Carnaval

Por Denise Tempone (desde Corrientes) – Fotos: Gustavo Pascaner

Entre canutillos, lentejuelas, plumas y cristales Swarovski, Henry Cardozo se abre paso con urgencia para ultimar detalles. Está apurado, algo agobiado, pero no pierde la motivación. Desde la pared, Susana, Moria, Carmen y Florencia lo incentivan a seguir. La foto más grande, la de Mirtha Legrand, refuerza su aliento. Su lista de logros es admirable para sus 34 años y su lejanía con el epicentro revisteril porteño, pero su trabajo es tan delicado como agotador. Como una hada madrina, él es quien baja a la realidad las imágenes que las comparsas le traen en un papel. En su pequeño taller, bien despierto, mientras la ciudad de Corrientes duerme la siesta, hace de todas esas partículas glamorosas sueltas, grandes creaciones. “Once”, dice con la sonrisa picara de quien revela un secreto. Cuesta creerlo pero es cierto, sus hallazgos del barrio porteño de Once pueden consumirse la mayor parte de los 20 mil pesos, como mínimo, que sale uno de sus trajes ($12 cuestan cada una de las plumas).

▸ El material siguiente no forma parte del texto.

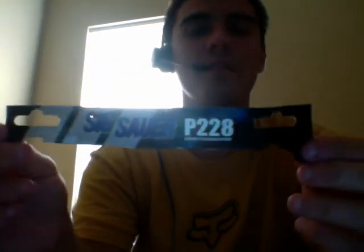Hey guys, it's Angela here. I said I'd be posting a new video and here we go. I'm using my headset so you guys can hear me better. This is my airsoft gun I got today — it's a Sig Sauer P228, and it comes with a little package of BBs.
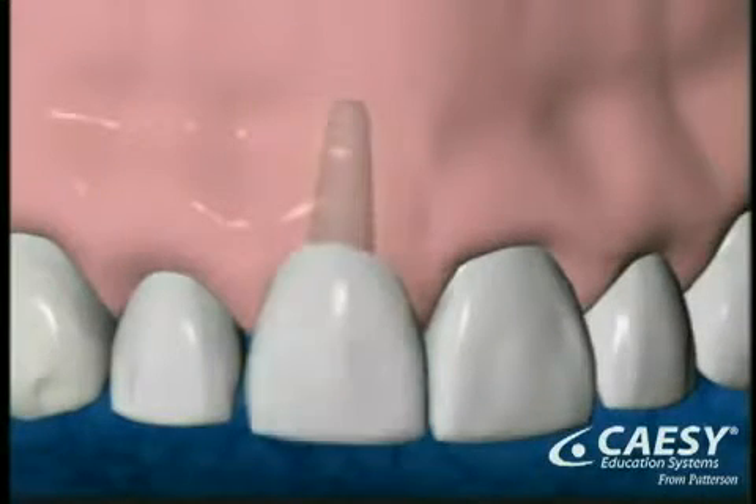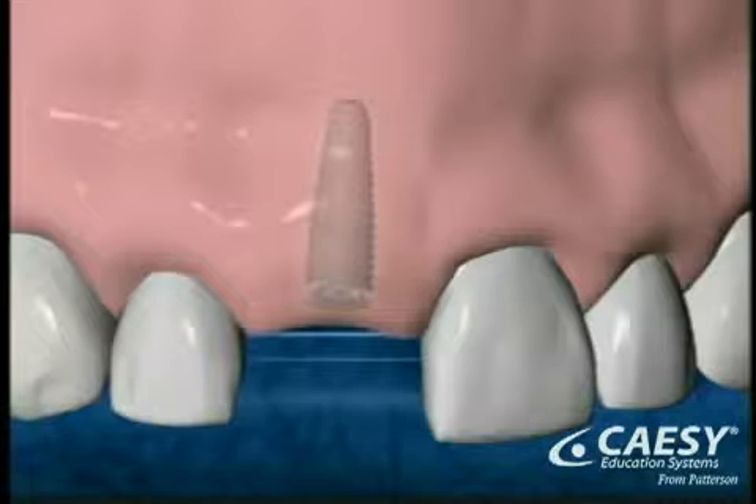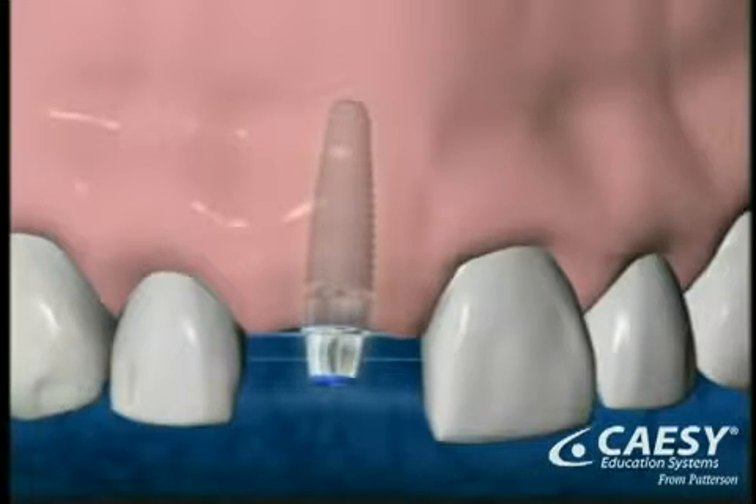Restoring your mouth with a dental implant is accomplished in two phases. The first phase of the procedure is the surgical placement of the implants. They're under the gums for several months while the bone attaches to them. After healing, the second phase begins. The implant is re-exposed and your new crown is made.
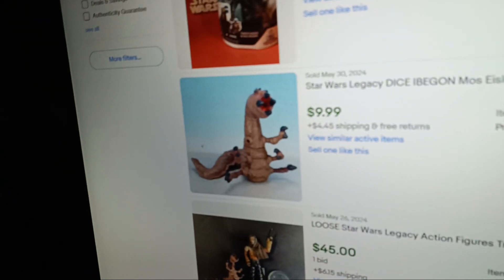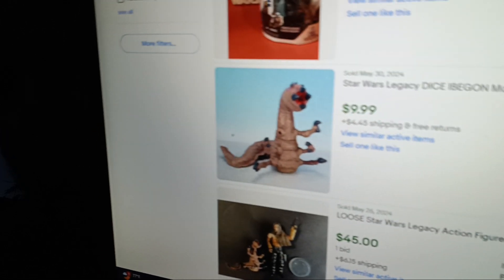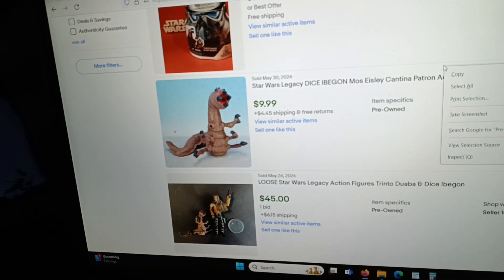Here's a better picture of him. This is one that somebody was selling — it only went for $9.99, but it's missing one of the arms. $9.99 plus $4.45 shipping, that's not bad at all. I personally wouldn't care if I had one without an arm. If you know a place to get Trinto Duaba and Dice Ibogon not for an obscene amount, maybe I'll scoop them up.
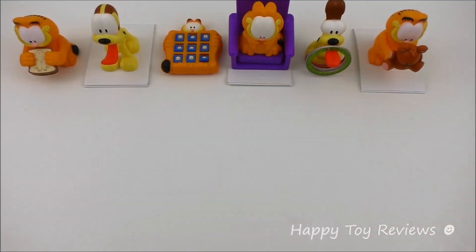So there you have it — that's the 2013 Burger King Garfield complete set of six kids meal toys.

Competencia feroz. A pocas cuadras de lo de Henry, alguien se ufana de no necesitarlo, a diferencia de las otras. Lila “Muñeca” Virán hace tres meses que no cocina, no limpia, “no nada”. Hace tres meses que sólo vive para el traje que su hija Juliana usará en el carnaval. Es especial porque es el único traje enterizo de Ara Berá. No es que Juliana quiera ser distinta, explica, sino que su hija tiene una aprehensión absoluta a la vulgaridad del dos piezas. Bien vale su aclaración. Muchos podrían pensar que ella tiene coronita, después de todo, es hija de uno de los primeros miembros de esa comparsa, el ingeniero agrimensor Guillermo Benjamín Vera. Su papá, además, es amigo desde la infancia del fundador de la comparsa, el ahora médico cardiólogo Ricardo Rasmussen, quien también está presente siguiendo los detalles del caso. “Tuve que estudiar la ley de la gravedad para armar esto”, dice con una gran sonrisa Muñeca mientras muestra el espeluznante espaldar de su hija, que desmontado, con alambres y elásticos a la vista, parece más un artilugio de arte moderno que un accesorio sensual. Sentados en el living de la casa, estos tres amigos toman mate y comen chipás mirando el perchero como quien mira un fuego intenso en pleno invierno. Juliana y su traje son la perfecta excusa para recordar una vez más, cómo se conocieron y cómo su incursión ayudó a cambiar la historia de los carnavales correntinos.

Fue durante un verano a finales de los ‘50. Ricardo, que apenas entraba en la adolescencia, había ido a visitar a familiares a la ciudad brasileña de Uruguayana. Ahí, por primera vez, sintió el ritmo de un carnaval carioca y no pudo resistirse. “Esos colores, esos bailes, esa libertad. Eso era un carnaval, yo quería que el nuestro fuera algo así”, asegura hoy orgulloso. Sus amigos, entre ellos Guillermo, lo entendieron perfectamente. A decir verdad, todos estaban un poco aburridos del carnaval clásico de la provincia. No les divertía eso de limitarse a esperar el paso de las carrozas barriales para extender la mano y saludar a las reinas y princesas de turno. “Aburría”, coinciden. Aburría especialmente a las mujeres, que se llevaban la peor parte. “Nos molestaba que una vez que pasaban las carrozas, nuestros novios pudieran ir con una máscara a bailar por ahí mientras nosotras nos quedábamos en casa. Era todo muy acartonado, muy pacato”, denuncia Muñeca. Ella sentía el deseo de pertenecer a este grupo de insolentes, entre el cual estaba su futuro esposo, que querían cambiar el festejo. “No me preguntes por qué pero en cuánto vio lo que ellos hacían, yo quise ser parte de eso”, asegura con cierto misterio. Y lo que ellos hacían era, en sus palabras, “agarrar cinco tambores, comprarse sombreros de marineritos, shorcitos y tocar toda la noche en el Jockey Club o en el Teatro Vera, para unas 70 personas”. Nada más lejos del concepto de “popular”. Hacían ruido, llamaban la atención, pero no eran los únicos.